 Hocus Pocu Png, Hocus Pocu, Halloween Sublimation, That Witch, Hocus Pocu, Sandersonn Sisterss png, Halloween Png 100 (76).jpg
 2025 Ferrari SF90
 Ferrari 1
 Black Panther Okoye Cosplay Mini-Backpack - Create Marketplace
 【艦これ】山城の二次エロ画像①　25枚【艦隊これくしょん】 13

---

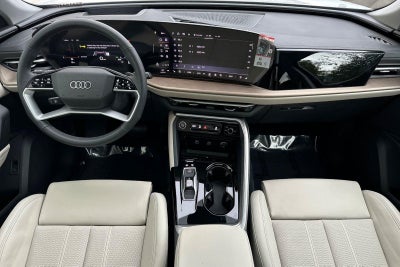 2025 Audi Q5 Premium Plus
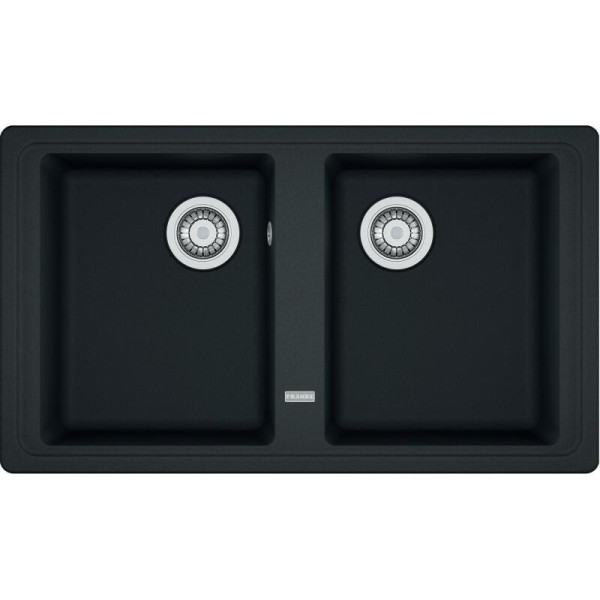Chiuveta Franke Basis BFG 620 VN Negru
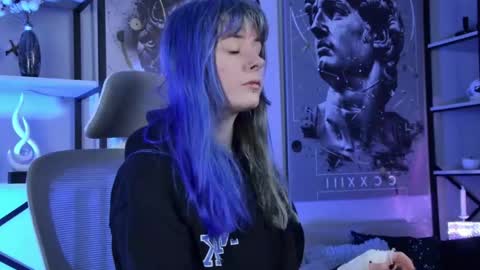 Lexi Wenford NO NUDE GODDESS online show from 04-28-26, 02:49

...

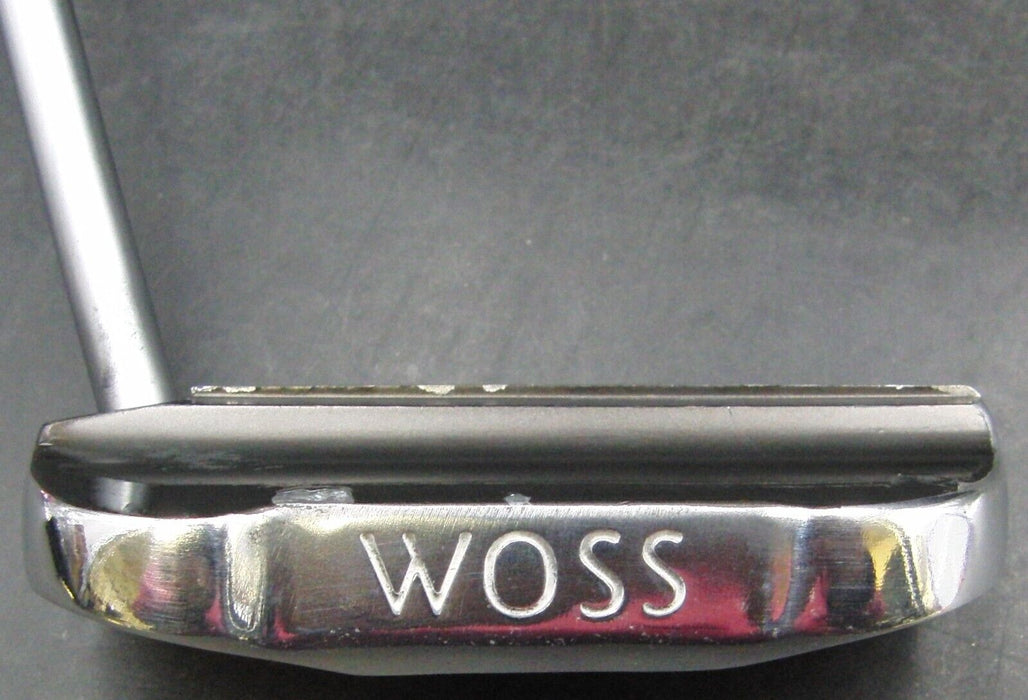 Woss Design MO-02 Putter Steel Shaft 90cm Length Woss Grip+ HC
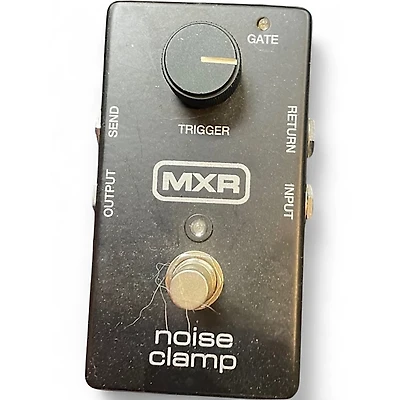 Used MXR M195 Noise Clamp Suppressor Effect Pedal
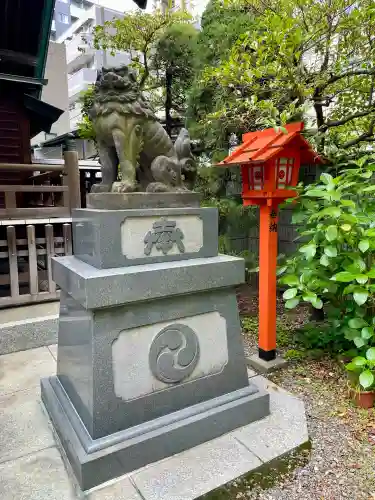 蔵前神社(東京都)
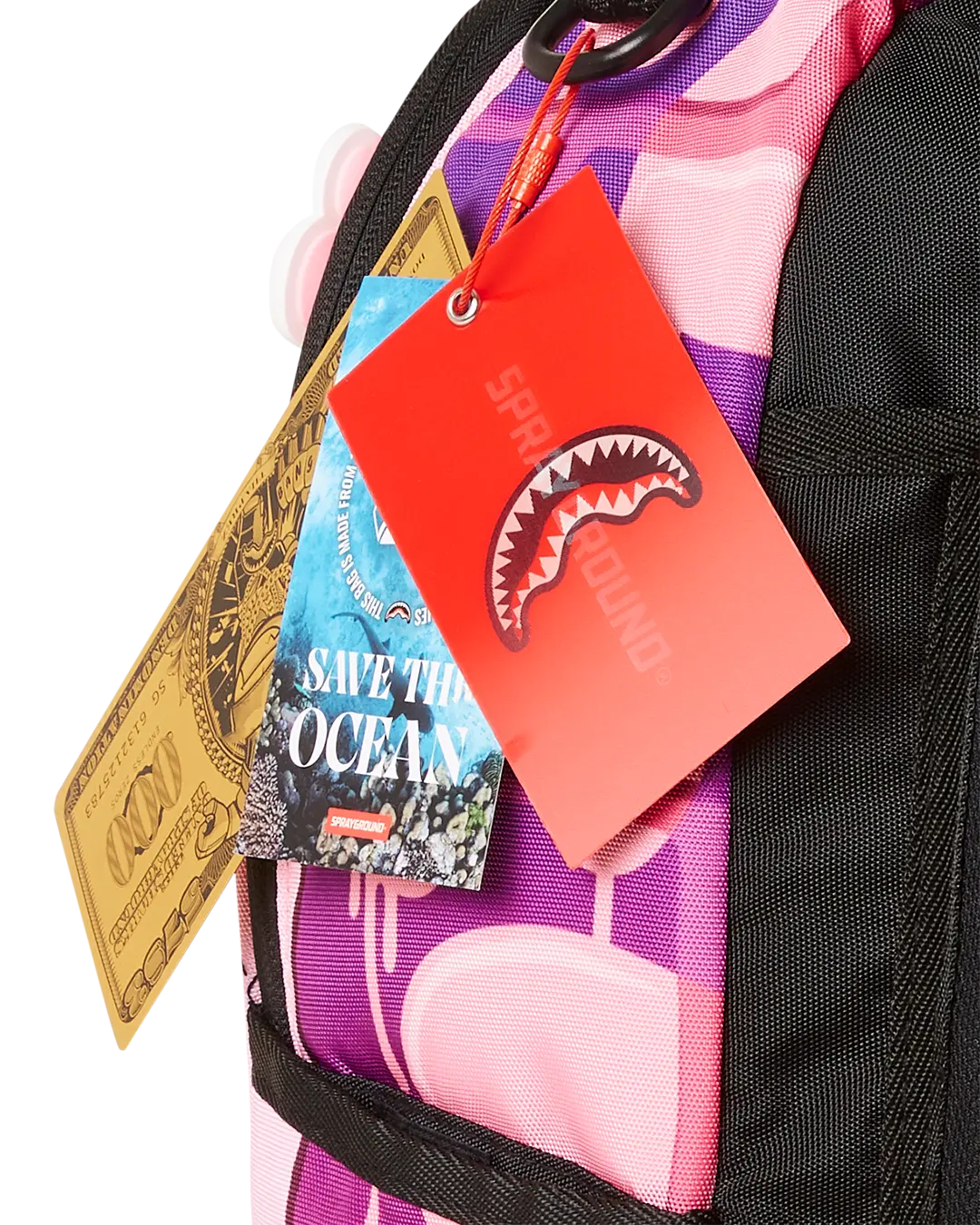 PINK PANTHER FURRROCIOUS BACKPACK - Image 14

• [The problem] The answer should consist only of the lines above from the one with "Used MXR M195" through the one with "PINK PANTHER FURRROCIOUS BACKPACK - Image 14", repeated exactly, with no pictures among them.

• [Finished exercise]
 Used MXR M195 Noise Clamp Suppressor Effect Pedal
 蔵前神社(東京都)
 PINK PANTHER FURRROCIOUS BACKPACK - Image 14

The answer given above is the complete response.